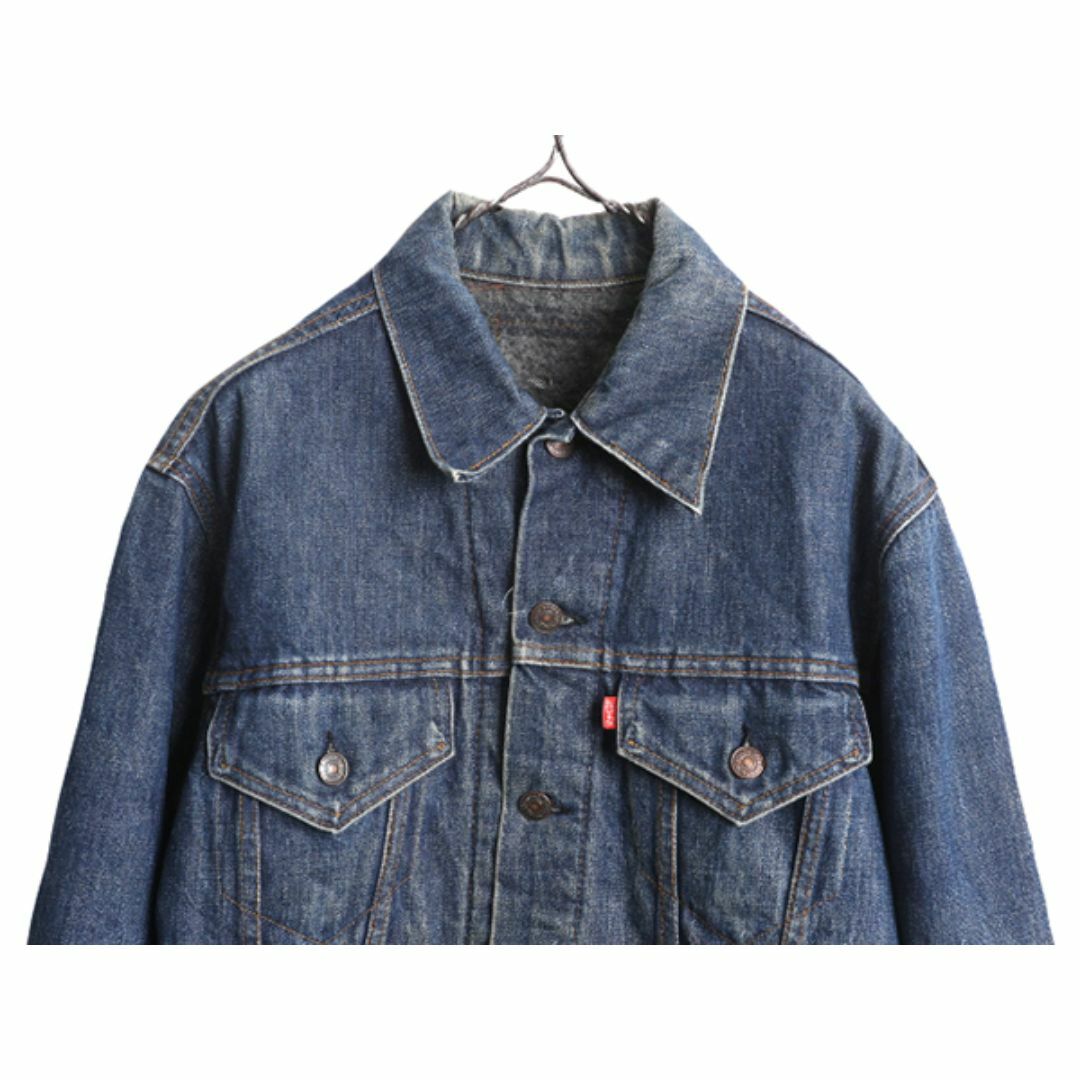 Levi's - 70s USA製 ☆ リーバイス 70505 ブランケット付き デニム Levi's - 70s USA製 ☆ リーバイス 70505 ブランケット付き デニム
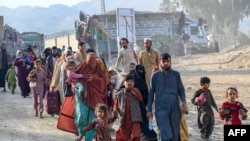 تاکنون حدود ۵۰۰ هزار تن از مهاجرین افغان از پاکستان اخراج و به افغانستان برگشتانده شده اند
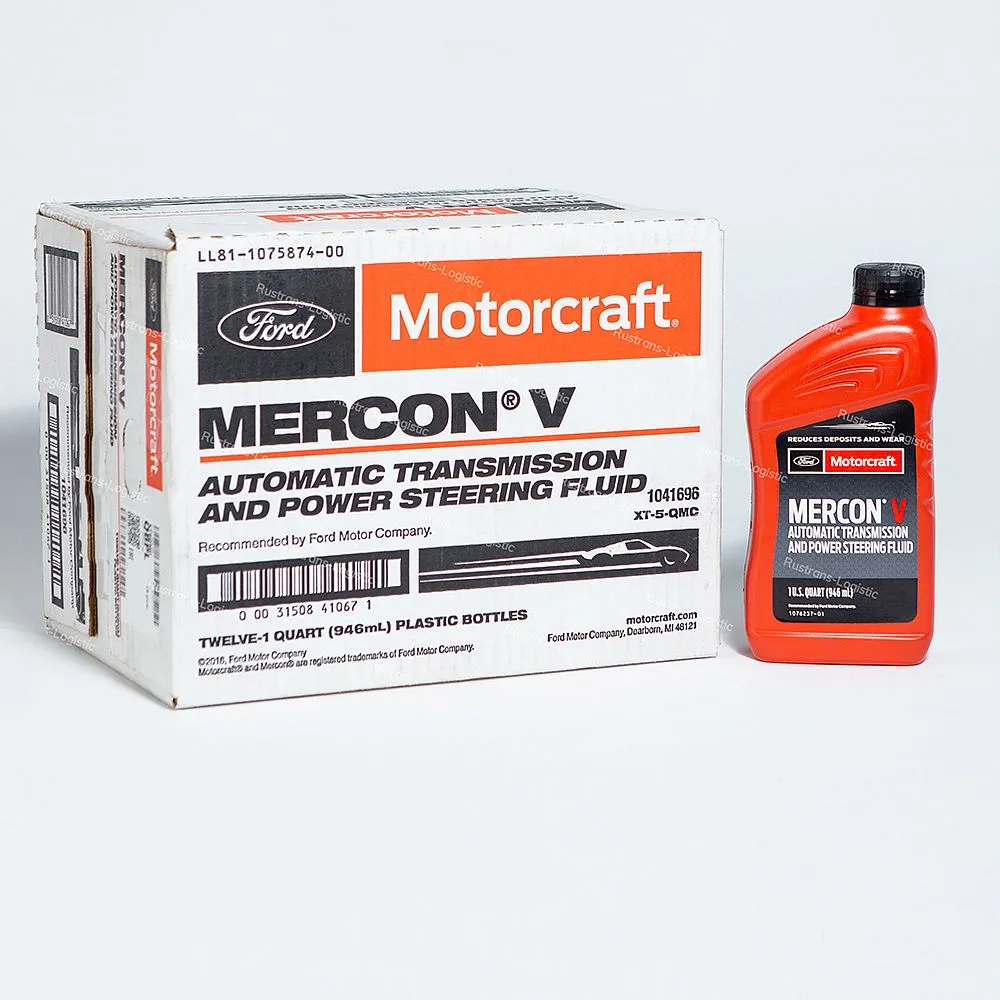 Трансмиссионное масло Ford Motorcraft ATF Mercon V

(EXERCISE DIRECTIONS):
Reproduce the entire listing above precisely, but keep the images out.

(RESPONSE TO THIS EXERCISE):
 Levi's - 70s USA製 ☆ リーバイス 70505 ブランケット付き デニム Levi's - 70s USA製 ☆ リーバイス 70505 ブランケット付き デニム
 تاکنون حدود ۵۰۰ هزار تن از مهاجرین افغان از پاکستان اخراج و به افغانستان برگشتانده شده اند
 Трансмиссионное масло Ford Motorcraft ATF Mercon V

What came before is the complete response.